Directions for this task | Every line of the listing must be reproduced as it stands. Leave the images behind.

Dataset section |
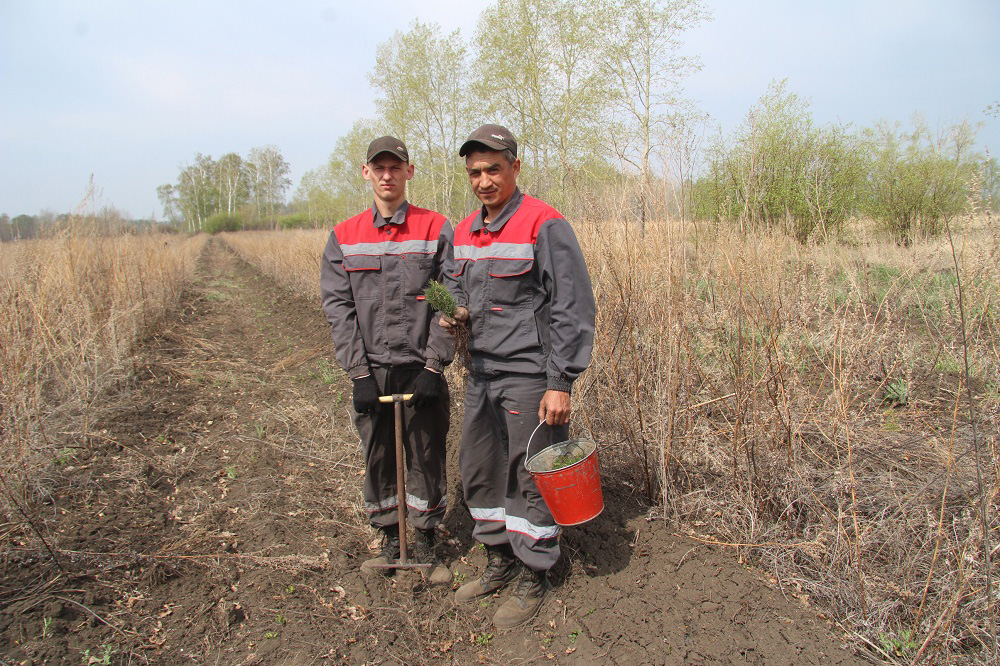 Погода краснозерское село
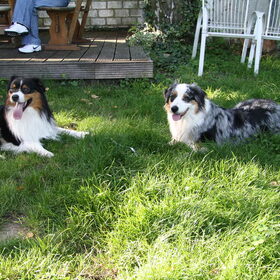 Hondenfoto van Waka, Robi, Joy, Abby en het vrouwtje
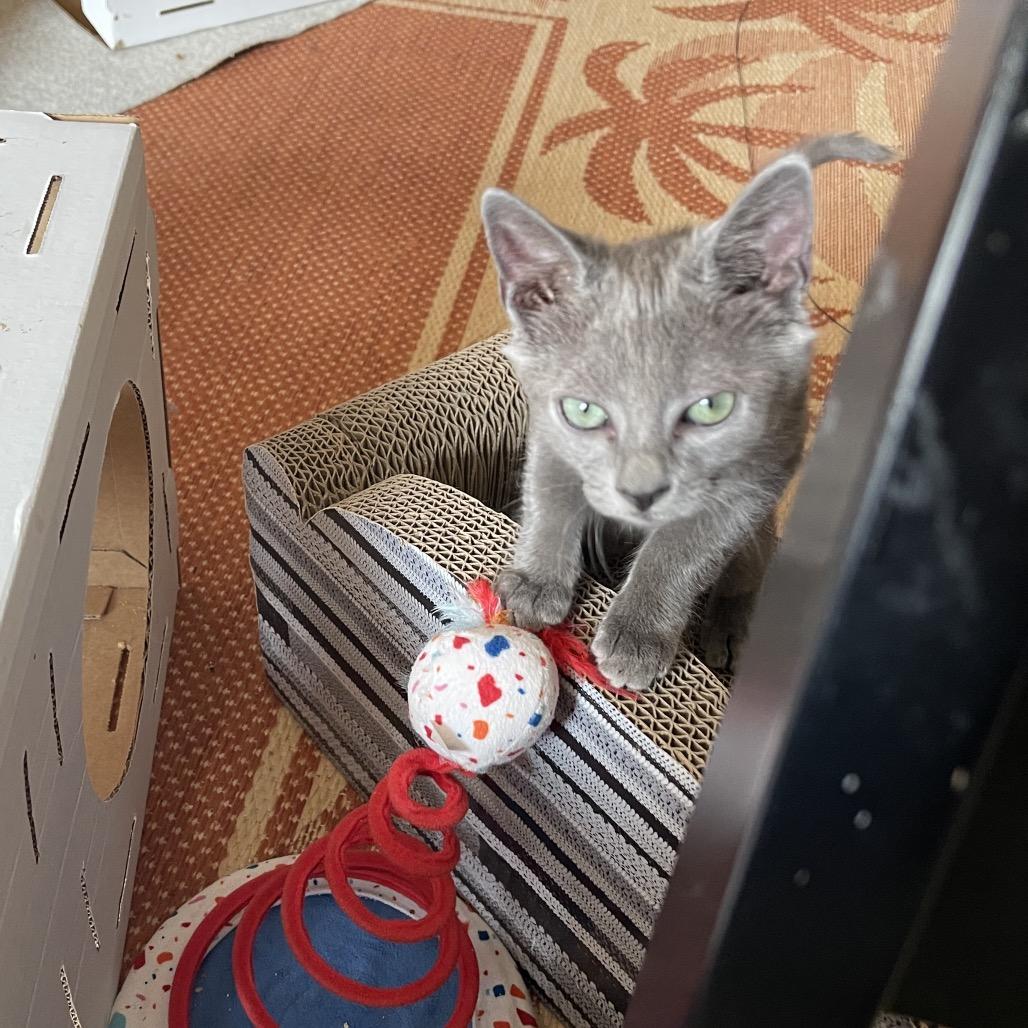 Enlarge Geddy Lee, a Adoptable Domestic Short Hair in Durham, NC image 5/5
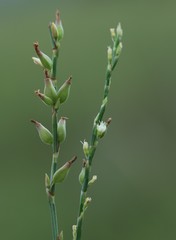 Oxygonum dregeanum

Task output |
 Погода краснозерское село
 Hondenfoto van Waka, Robi, Joy, Abby en het vrouwtje
 Enlarge Geddy Lee, a Adoptable Domestic Short Hair in Durham, NC image 5/5
 Oxygonum dregeanum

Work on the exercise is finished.